• **Exercise brief**: Find the line below with "Hanging cloth used" and the line with "In this problem, it". Output them and the lines between, exactly, but not the pictures.

• **Provided records**:
****************************************
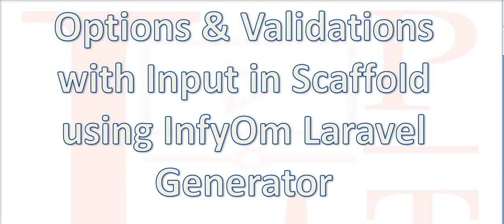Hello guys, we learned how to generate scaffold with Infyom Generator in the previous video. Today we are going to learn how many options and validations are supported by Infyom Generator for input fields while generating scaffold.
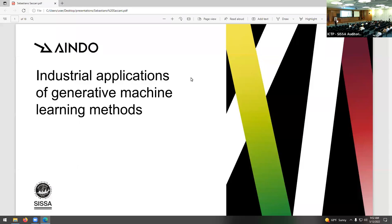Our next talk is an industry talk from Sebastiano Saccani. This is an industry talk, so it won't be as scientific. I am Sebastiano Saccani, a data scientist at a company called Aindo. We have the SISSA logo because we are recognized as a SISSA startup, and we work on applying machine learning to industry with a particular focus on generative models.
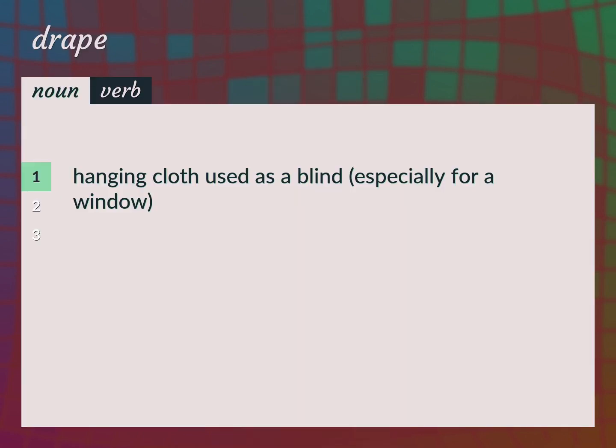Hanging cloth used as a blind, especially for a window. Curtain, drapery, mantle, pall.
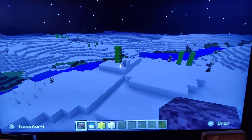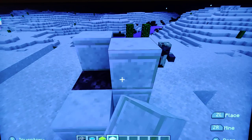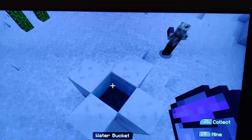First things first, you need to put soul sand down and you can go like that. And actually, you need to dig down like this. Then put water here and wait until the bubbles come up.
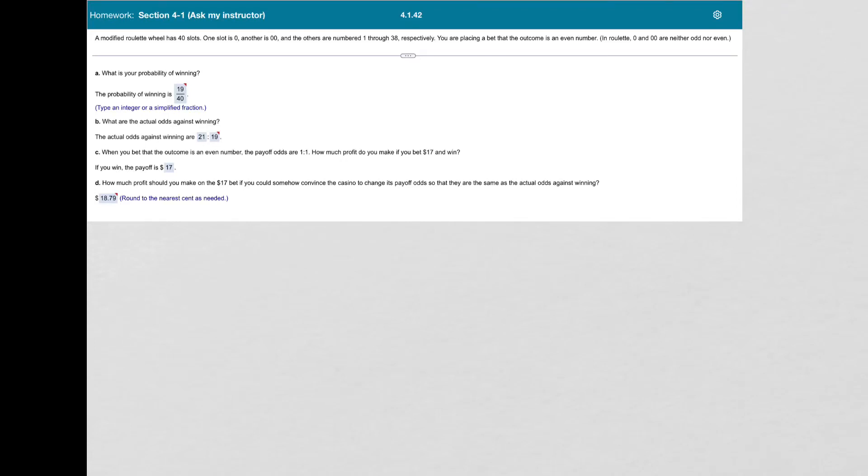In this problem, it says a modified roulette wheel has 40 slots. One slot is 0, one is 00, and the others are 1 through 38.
****************************************
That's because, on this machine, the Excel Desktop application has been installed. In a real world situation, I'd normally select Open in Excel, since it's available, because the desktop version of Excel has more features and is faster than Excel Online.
****************************************
• **Answer space**:
Hanging cloth used as a blind, especially for a window. Curtain, drapery, mantle, pall.
First things first, you need to put soul sand down and you can go like that. And actually, you need to dig down like this. Then put water here and wait until the bubbles come up.
In this problem, it says a modified roulette wheel has 40 slots. One slot is 0, one is 00, and the others are 1 through 38.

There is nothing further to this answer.